According to data from Prime Database, a primary market tracker, between January and May, 32 auditors have resigned midterm, while for 2017-18 the number of exits stood at 36. The number of exits in 2016-17 was at 18.
The reasons behind the auditor exits have ranged from lack of adequate information on the company’s businesses, revenues, tax observations to ‘mutual exits’. Some exists were also because of “health concerns” and “pre-occupation”. In some other cases, the firm simply ceased to exist.
In cases where the auditors have exited due to lack of adequate information, or for not getting ‘reasonable assurance about the financial statements being free from mis-statement’, the concerns were conveyed to the ministry of corporate affairs (MCA), said an auditor, who did not wish to be identified.
“A new auditor, who finds serious issues and does not get supporting documents, may very well decide to report the matter to the MCA and tender resignation. This may have been the case with a few companies which had new auditors,” said Amit Mantri, managing partner, 2Point2 Capital Advisors LLP. For instance, Mantri had raised concerns about the fundamentals of Manpasand Beverages in his blog in 2016.
MCA has also taken cognisance of the recent spate of auditor exits under Section 143(12) of the Companies Act, and may examine the companies for alleged breach of the companies law, said a regulatory official.
“It is a healthy trend that the auditors are willing to give a pushback to the management. However, they can be a little more forthcoming with their disclosures,” said Amit Tandon, chief executive at proxy advisory firm Institutional Investors Advisory Services (IiAS).
On 27 April, Price Waterhouse &Co had resigned as the auditor of Vakrangee Ltd due to lack of information about its election books, bullion and jewellery business. It had also stepped down as an auditor of Atlanta Ltd on 29 May due to lack of disclosures about ‘significant observations by tax authorities’, and from Edelweiss Financial Services on 23 May on a mutual agreement.
On 26 May, Deloitte Haskin and Sells stepped down due to lack of documents to support costs, revenues and capital expenditure at the company. On 29 May audit firm Mehrotra and Mehrotra resigned from Bhushan Steel Ltd.
“Auditor’s report to the shareholders is a powerful weapon. The auditor should use it fully to bring out the problems in the company’s financial reporting and controls. Resignation cannot be normally justified except when the auditor has a serious health problem or faces an extreme situation such as criminal intimidation,” said R. Narayanaswamy, professor of finance and control at the Indian Institute of Management, Bangalore.
In certain cases, such as the ones involving Jet Airways Ltd, Reliance Naval and Engineering Ltd, and Hindustan Construction Company (Lavasa), the auditors have qualified their reports as 'going concern'. Simply put, these companies, despite weak financials, will remain in operations and will not be forced to liquidate.

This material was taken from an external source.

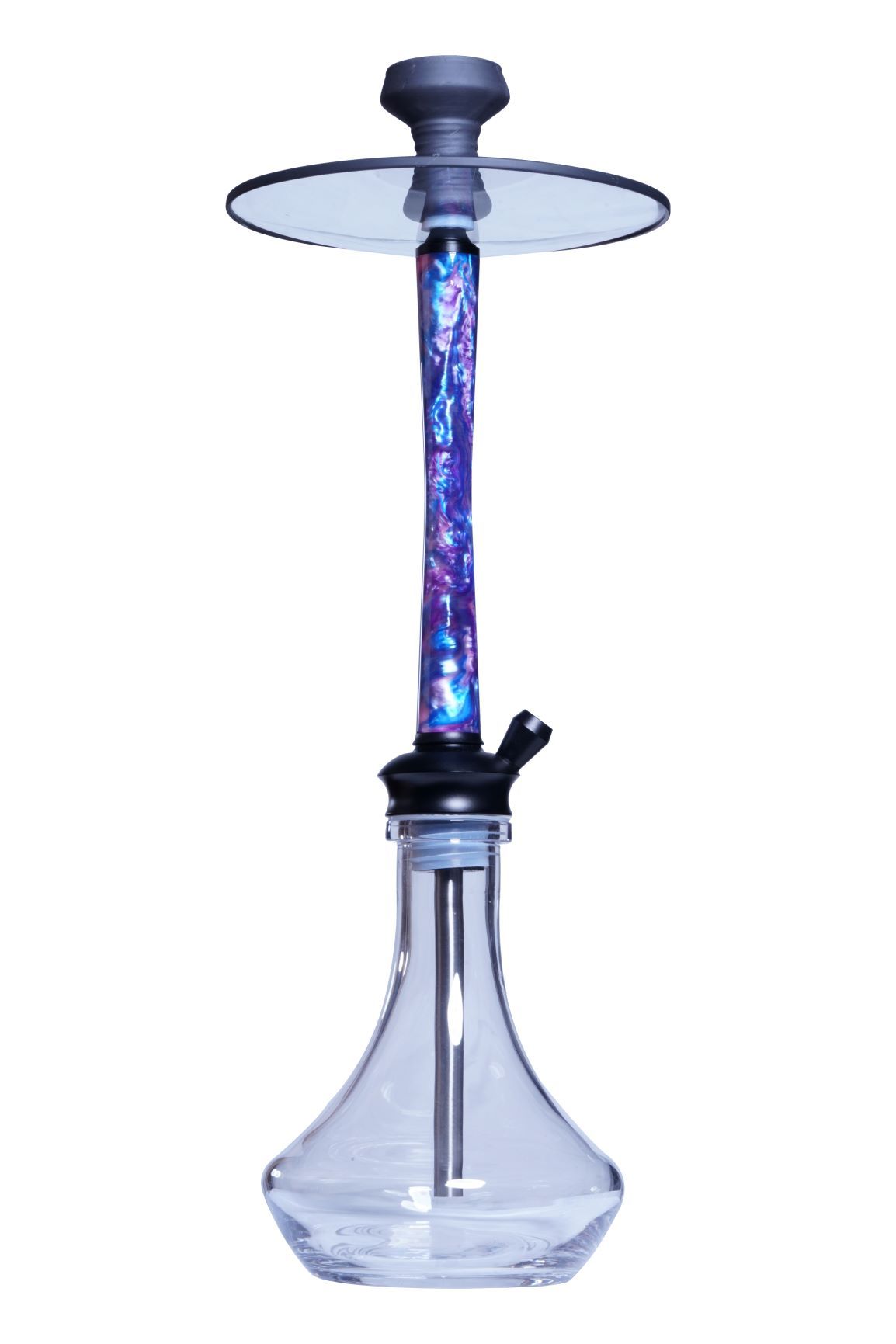 Everember Ray Hookah Sapphire blue white pink stem with clear base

“A better option (instead of resignation) in such cases would be to qualify the opinion, or even issue an adverse opinion. Auditors must publicly announce their precise reasons for quitting, otherwise there will be unhealthy speculation. Reasons such as preoccupation with other work are disingenuous, or too clever by half,” said Narayanswamy.
According to Pranav Haldea, managing director, Prime Database, it is, however, a positive sign, which was lacking in India. “Now, there is greater scrutiny of auditors. Auditors are also wary of names of companies that they are getting associated with because it can result in not just reputational impact, but they may also be banned like in case of PWC.”

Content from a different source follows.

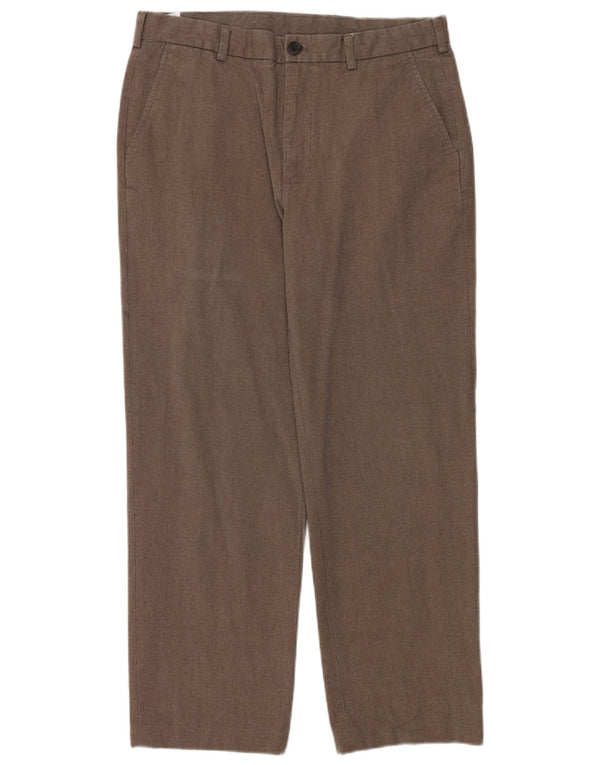 Brooks Brothers Herren 346 gerade Chinohose W34 L29 braune Baumwolle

As a consequence of the mid-term resignations of auditors, share prices of the companies suffered the most. For instance, Vakrangee has been in a free fall. The stock has hit lower circuits for 28 sessions, falling 83.8% during the period. In 2018, the stock has so far lost 91.5%, after a gain of 208% in 2017.
Meanwhile, Manpasand Beverages hit the lower circuit for six sessions to fall 55.24% after Deloitte Haskins and Sells quit. Kotak Institutional Equities, which had a ‘buy’ rating on the company, suspended its rating, citing lack of disclosures on Deloitte’s exit. Motilal Oswal Securities Ltd has also putting its rating on Manpasand ‘under review’ until further clarity emerges.
“We have seen the markets sell-off in case auditors resign mid-way. Therefore, it is incumbent upon the auditors to disclose, in greater detail, the reasons for their disassociation with the company. This will lead to more transparency. Mutual funds or institutional investors have more accessibility to the companies, but it is common investor holding, a few 100 or 1,000 shares, which rely on disclosed information,” said Ajay Bodke, CEO and chief portfolio manager PMS, Prabhudas Lilladher Pvt. Ltd.